This week the article Wasm is not quite a stack machine has been making the rounds and has caught my eye. The post claims that WASM is not a pure stack machine because it has locals and is missing some stack manipulation operations like dup and swap.
While I don't necessarily disagree, IMHO it's a bit of a semantic discussion because - to the best of my knowledge - there is no formal definition of what is a stack machine. Wikipedia, for example, says:
[...], a stack machine is a computer processor or a process virtual machine in which the primary interaction is moving short-lived temporary values to and from a push-down stack.

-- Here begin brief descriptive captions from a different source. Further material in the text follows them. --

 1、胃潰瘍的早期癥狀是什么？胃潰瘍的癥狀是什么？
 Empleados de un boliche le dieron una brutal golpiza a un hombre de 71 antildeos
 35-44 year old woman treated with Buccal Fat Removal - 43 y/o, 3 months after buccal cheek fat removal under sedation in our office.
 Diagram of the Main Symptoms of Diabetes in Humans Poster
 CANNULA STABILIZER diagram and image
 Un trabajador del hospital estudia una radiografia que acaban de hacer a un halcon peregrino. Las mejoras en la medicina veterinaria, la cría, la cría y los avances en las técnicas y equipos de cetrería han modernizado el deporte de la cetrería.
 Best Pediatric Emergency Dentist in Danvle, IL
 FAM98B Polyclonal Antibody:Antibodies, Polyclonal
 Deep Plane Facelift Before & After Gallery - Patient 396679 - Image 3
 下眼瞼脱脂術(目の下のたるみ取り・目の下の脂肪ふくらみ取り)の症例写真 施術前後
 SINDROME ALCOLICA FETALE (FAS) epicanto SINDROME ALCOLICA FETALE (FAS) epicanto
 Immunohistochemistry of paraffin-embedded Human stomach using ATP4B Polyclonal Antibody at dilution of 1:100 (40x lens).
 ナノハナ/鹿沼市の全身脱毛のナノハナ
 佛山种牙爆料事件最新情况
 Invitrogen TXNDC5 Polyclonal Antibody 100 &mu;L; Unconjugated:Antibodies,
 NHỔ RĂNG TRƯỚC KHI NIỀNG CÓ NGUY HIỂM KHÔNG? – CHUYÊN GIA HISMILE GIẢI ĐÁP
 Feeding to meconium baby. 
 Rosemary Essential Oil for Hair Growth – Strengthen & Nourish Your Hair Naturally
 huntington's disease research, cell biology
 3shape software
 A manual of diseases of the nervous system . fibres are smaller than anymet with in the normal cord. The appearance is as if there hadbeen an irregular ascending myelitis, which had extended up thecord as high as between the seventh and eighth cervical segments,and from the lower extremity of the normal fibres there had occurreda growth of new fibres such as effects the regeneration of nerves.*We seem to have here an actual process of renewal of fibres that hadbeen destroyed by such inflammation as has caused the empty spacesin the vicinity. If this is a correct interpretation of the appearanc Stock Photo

WASM certainly fits this definition; the primary interaction is through the stack, though WASM is augmented with an infinite register file (locals). The more purist stack machines like Forth are only limited to the stack and a memory (pointers into which are managed on the stack); WASM has these too, plus the registers.
Speaking of Forth, the mention of dup reminded me of my own impressions of programming in that language, documented in my post about implementing Forth in Go and C. There, I highlighted the following essential library function for Forth; it adds an addend to a value stored in memory.
: +! ( addend addr -- )
tuck ( addr addend addr )
@ ( addr addend value-at-addr )
+ ( addr updated-value )
swap ( updated-value addr )
! ;
And lamented how difficult it is to understand such code without the detailed stack view in comments alongside it.
I find it much simpler to reason about this WASM code:
(func (export "add_to_byte") (param $addr i32) (param $delta i32)
(i32.store8
(local.get $addr)
(i32.add
(i32.load8_u (local.get $addr))
(local.get $delta)))
)
You may say this is cheating because folded WASM instructions help readability and they're just syntactic sugar; OK, here's the linear code:
local.get $addr
local.get $addr
i32.load8_u
local.get $delta
i32.add
i32.store8
It's still very readable, because - while the stack is used for all the calculations and actual commands - some of the data lives in named "registers" instead of on the stack. So we don't need all those tuck-swap contortions to get things into the right order.
One might worry about the duplicated local.get $addr; wouldn't a real dup be better? Well, not in terms of readability, as we've already discussed. How about performance? Since the stack VM is just an abstraction and the underlying CPUs executing this code are register machines anyway, the answer is no - it doesn't matter at all.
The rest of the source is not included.